[Brief descriptive captions]
▽
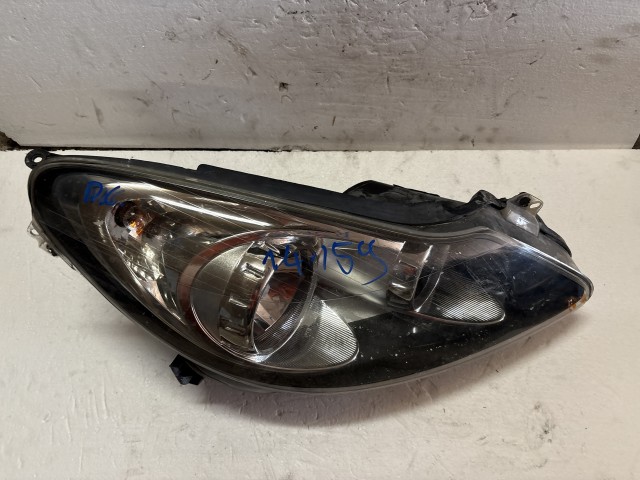 14159 Opel Corsa D Jobb első Lámpa Fényszóró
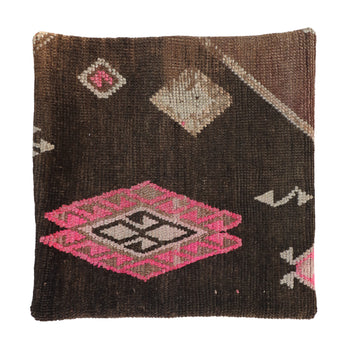 ZP135 Rug Pillow 20x20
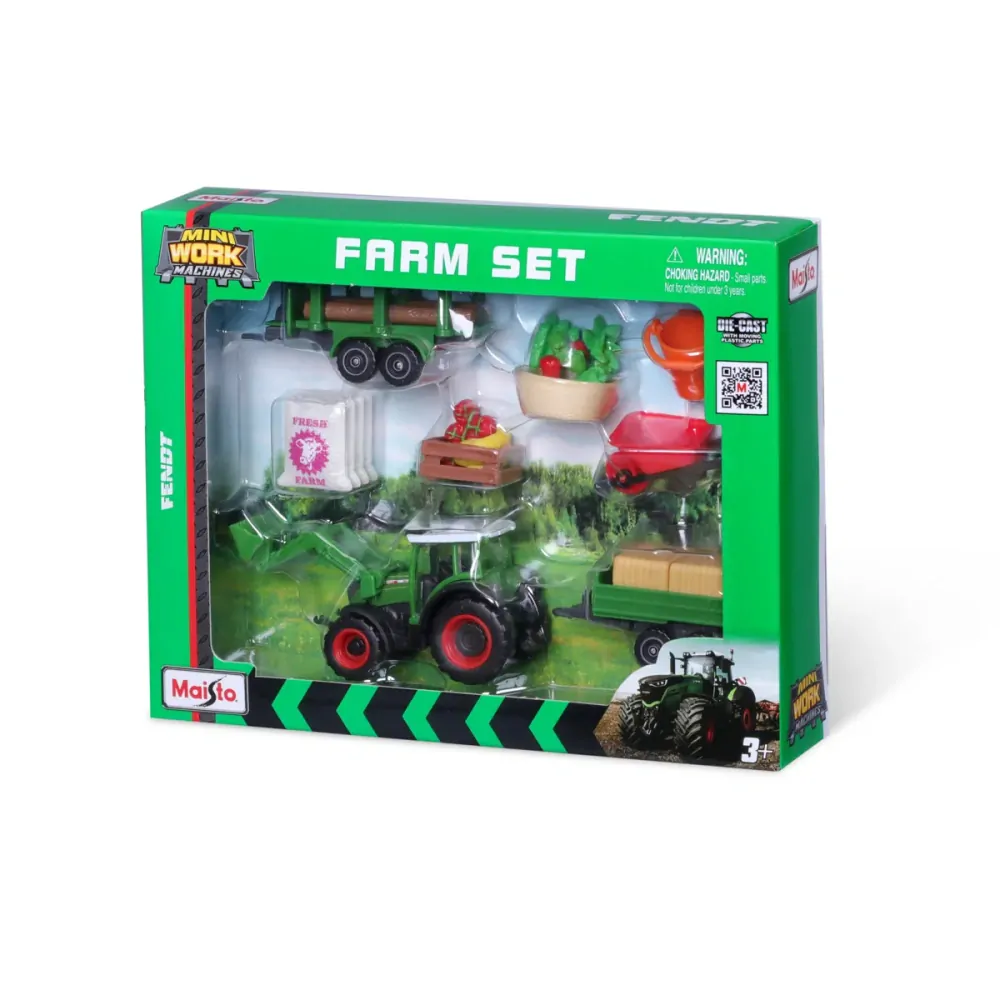 Maisto - Farmářský set, Fendt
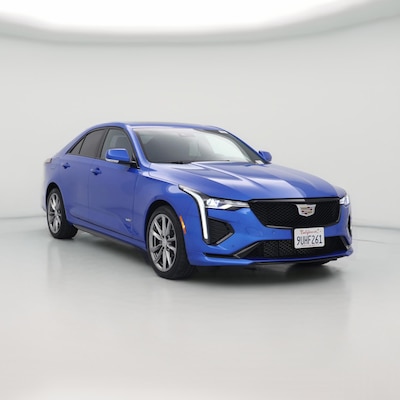 2025 Cadillac CT4-V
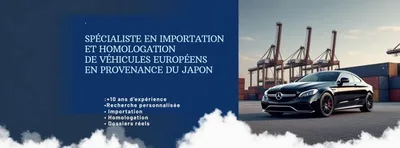 Devanture de Cotent'Import - Deboss'50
△
■ **Directions for this task**
In the copy, include exactly the lines from the one with "2025 Cadillac CT4-V" through the final line of the entries above, both ends counted, and no pictures.

■ **Answer for this exercise**
 2025 Cadillac CT4-V
 Devanture de Cotent'Import - Deboss'50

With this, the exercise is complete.